Records below:

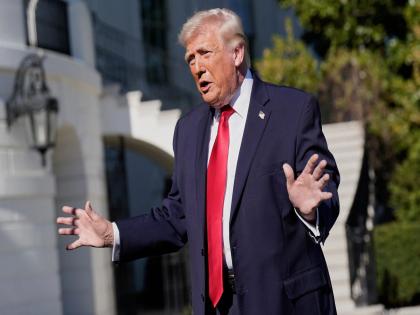 Trump Furious as Iran Peace Talks Fail; Threatens Naval Blockade - English News | Trump Furious as Iran Peace Talks Fail; Threatens Naval Blockade | Latest News at Lokmattimes.com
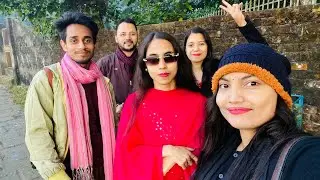 অনেকদিন পর আবার vlogg🥰ময়মনসিংহ শহরের জয়নুল আবেদীন পার্কে ভোরে হাটাহাটি ❤️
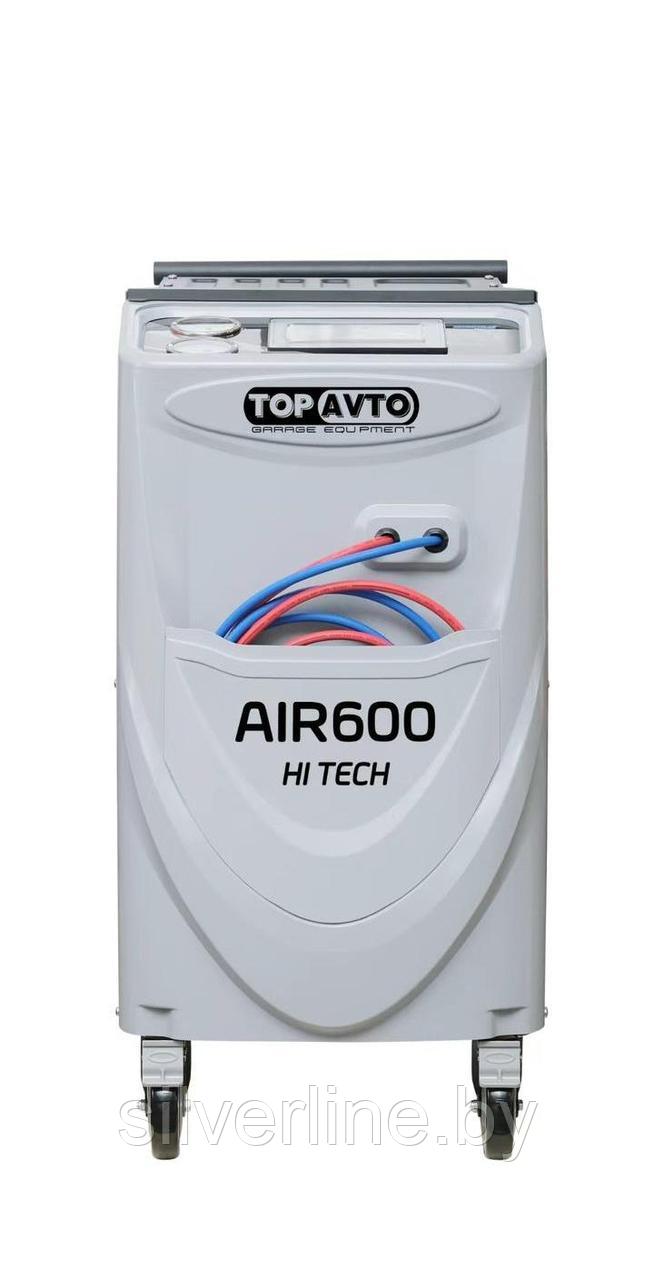 Автоматическая установка для заправки кондиционеров Top Avto AIR-600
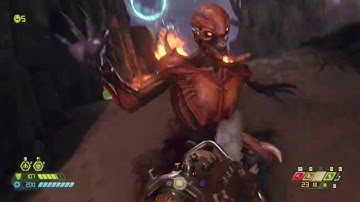 Doom Eternal - The Ancient Gods Part Two - Immora - Escalation Encounter - 1/2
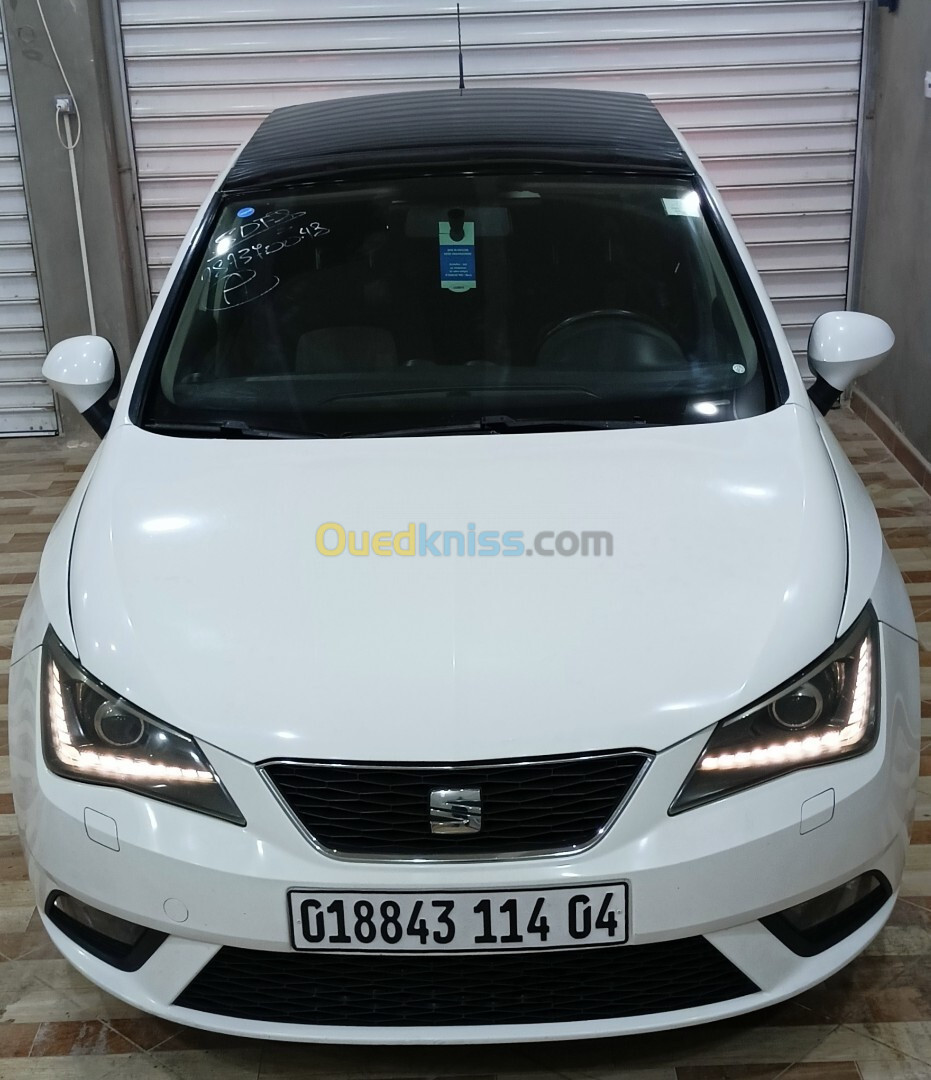 Seat Ibiza 2014 Sport Edition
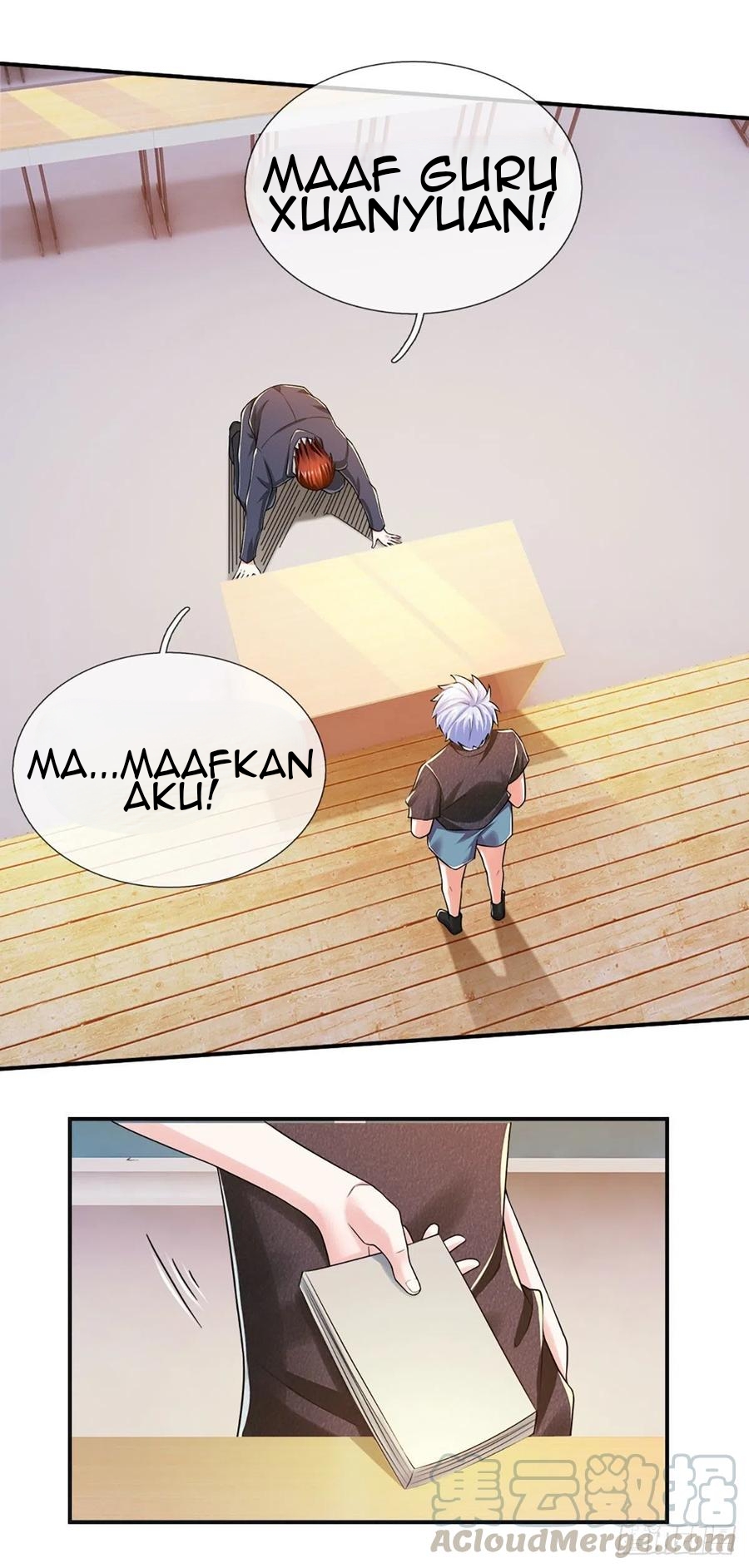 100.000 Layers Of Body Refining: I Raise All Emperor Chapter 43 page 31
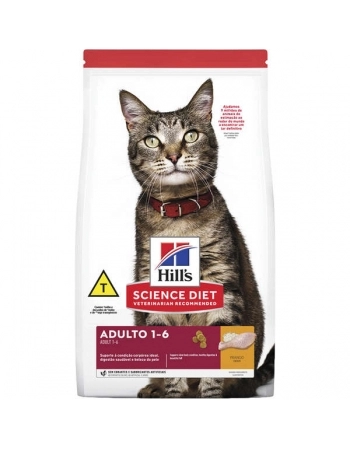 SD FEL ADULTO FRANGO - 6KGS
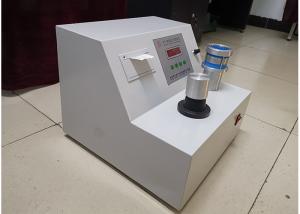Quality Data Processing Digital Air Permeability Tester Automatically Calculate Wide Applied wholesale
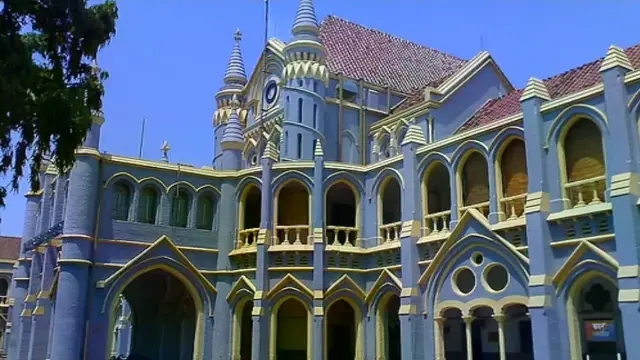 हाईकोर्ट ने पूछा-क्या रेत ठेकेदार ने सड़क बनाकर रोकी है केवई नदी की जलधारा?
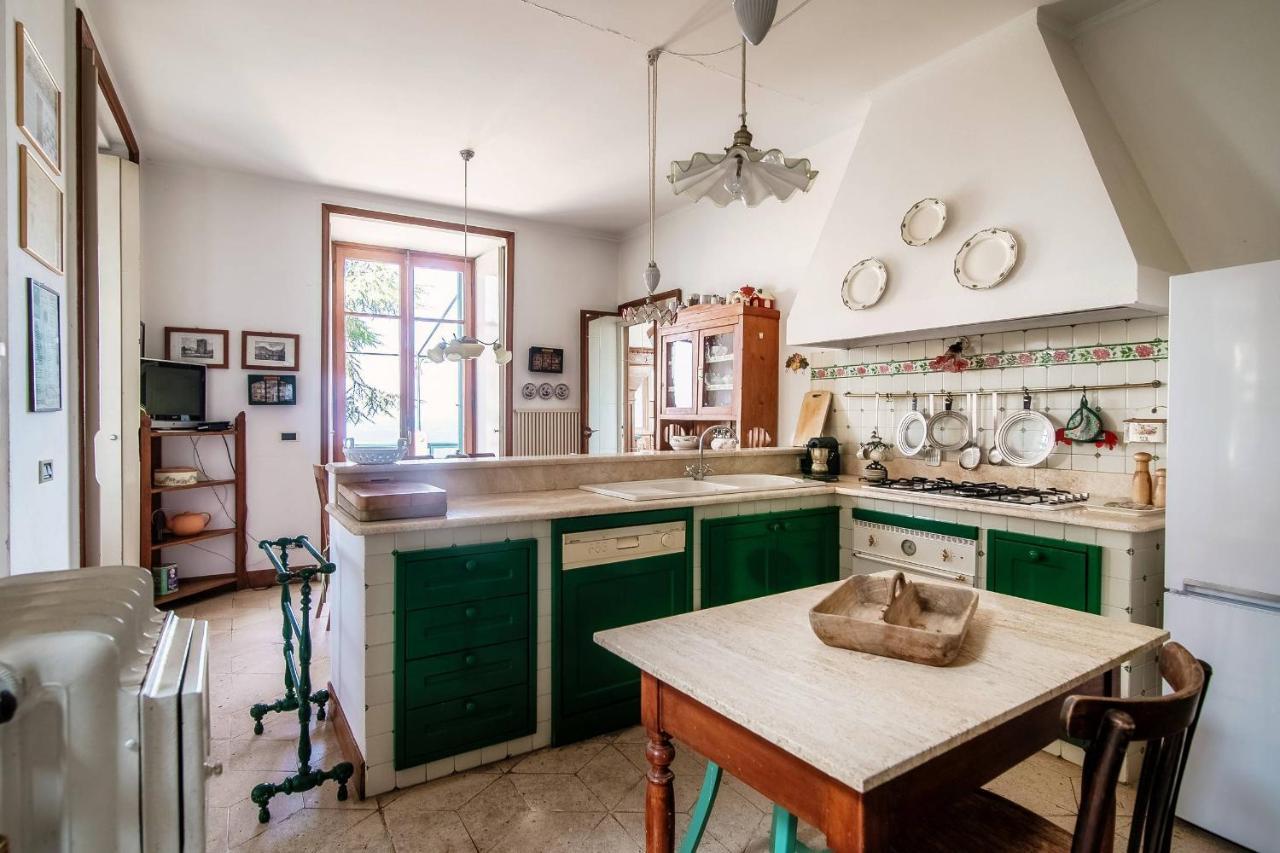 Villa I Tigli - By Myhomeincomo Brunate Exterior photo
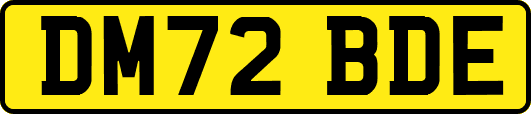 DM72BDE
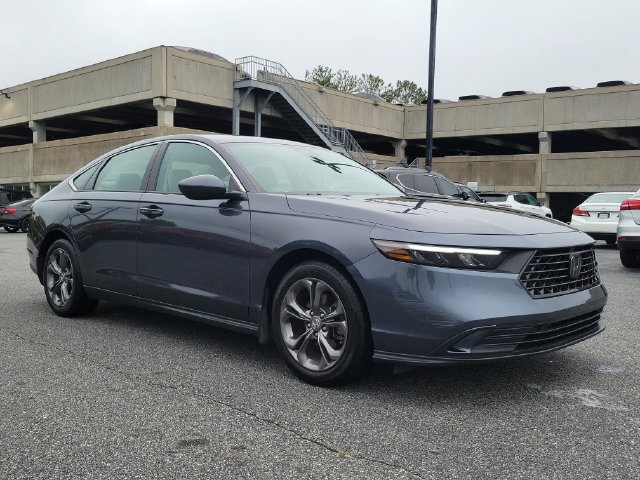 Certified 2023 Honda Accord EX Sedan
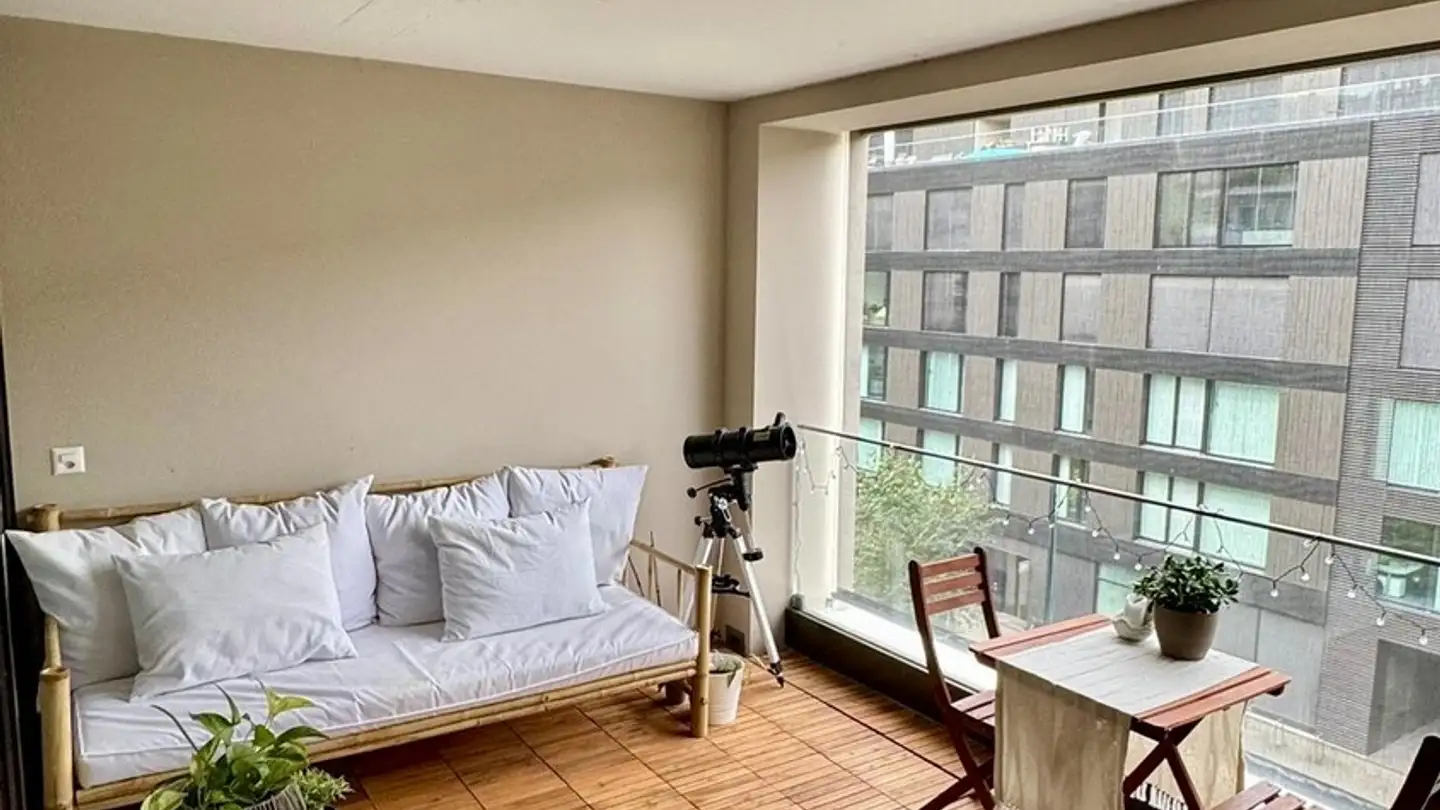 Appartement à louer - 6300 Zug - Photo 3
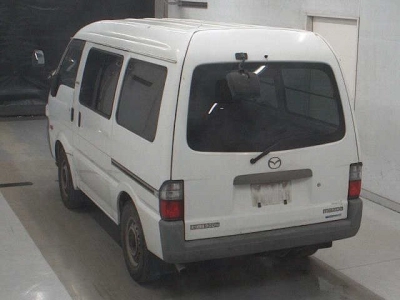 MAZDA BONGO VAN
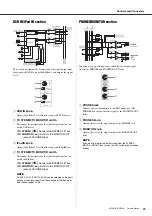 Preview for 19 page of Yamaha MGP32X Owner'S Manual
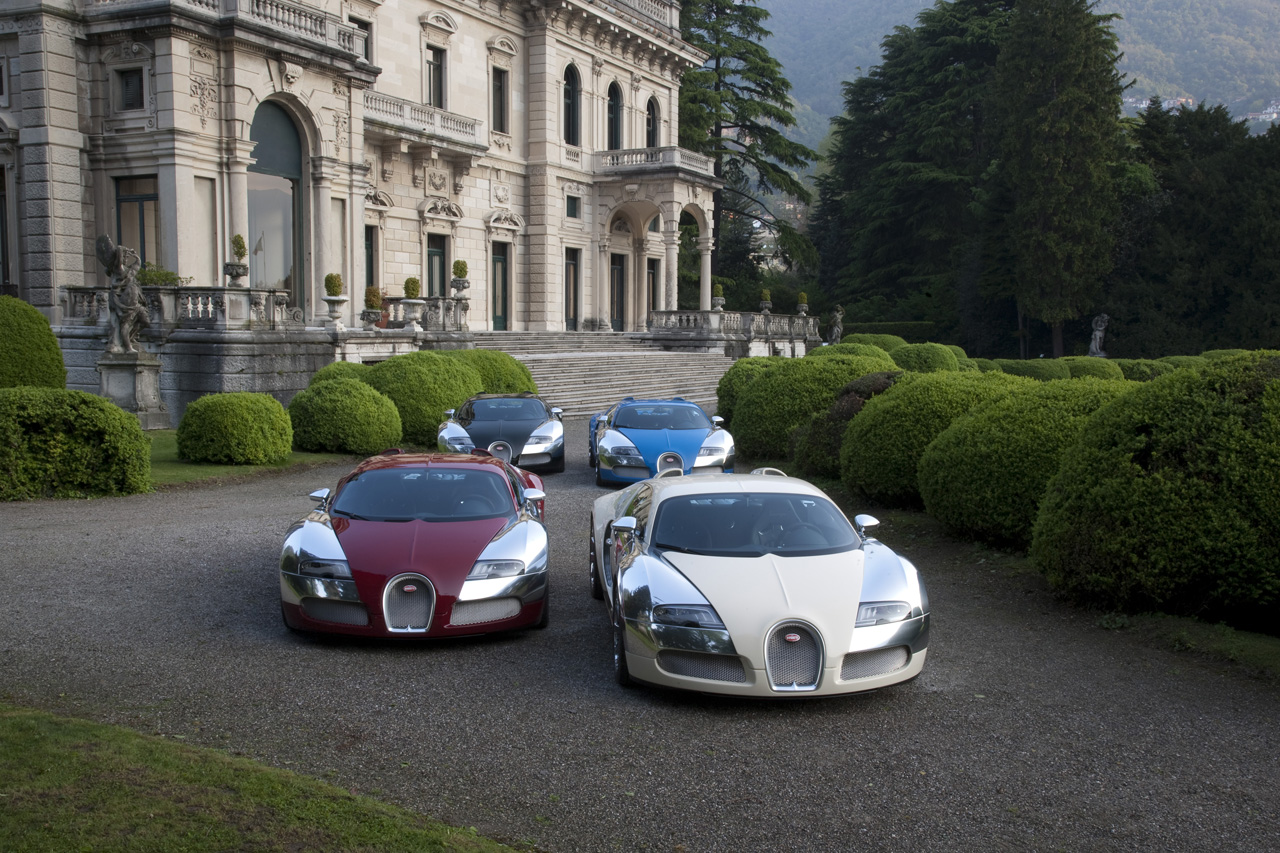 Bugatti veyron wallpapers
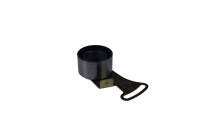 Tensioner Pulley, timing belt ADJ137607 Blue Print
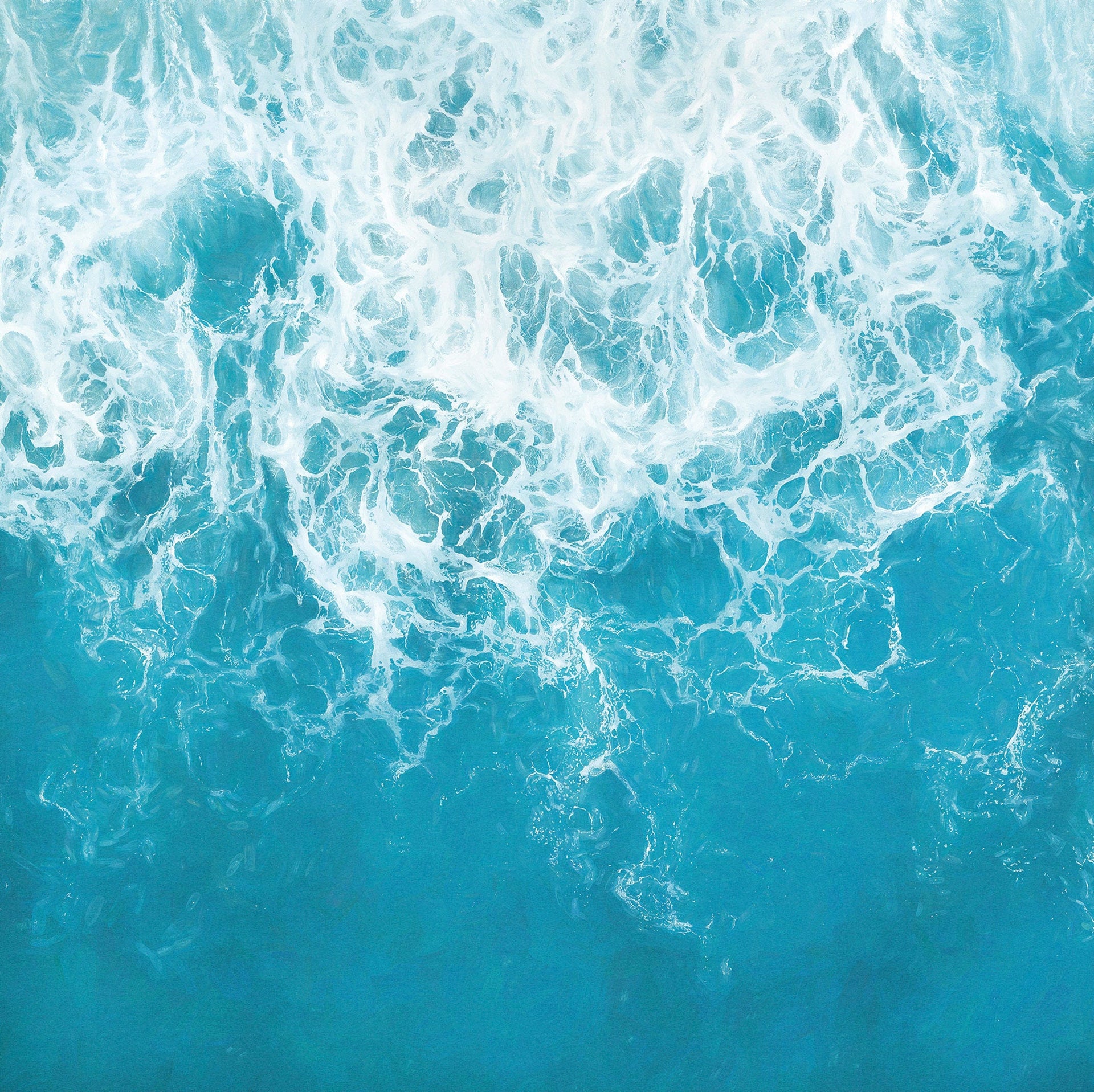 Komar The Shore Non Woven Wall Mural 250X250cm 5 Panels | Yourdecoration.com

End of Records.

Make an exact copy of the lines above, starting at the line that contains "हाईकोर्ट ने पूछा-क्या" and running through the final line of the entries. Omit the pictures.

 हाईकोर्ट ने पूछा-क्या रेत ठेकेदार ने सड़क बनाकर रोकी है केवई नदी की जलधारा?
 Villa I Tigli - By Myhomeincomo Brunate Exterior photo
 DM72BDE
 Certified 2023 Honda Accord EX Sedan
 Appartement à louer - 6300 Zug - Photo 3
 MAZDA BONGO VAN
 Preview for 19 page of Yamaha MGP32X Owner'S Manual
 Bugatti veyron wallpapers
 Tensioner Pulley, timing belt ADJ137607 Blue Print
 Komar The Shore Non Woven Wall Mural 250X250cm 5 Panels | Yourdecoration.com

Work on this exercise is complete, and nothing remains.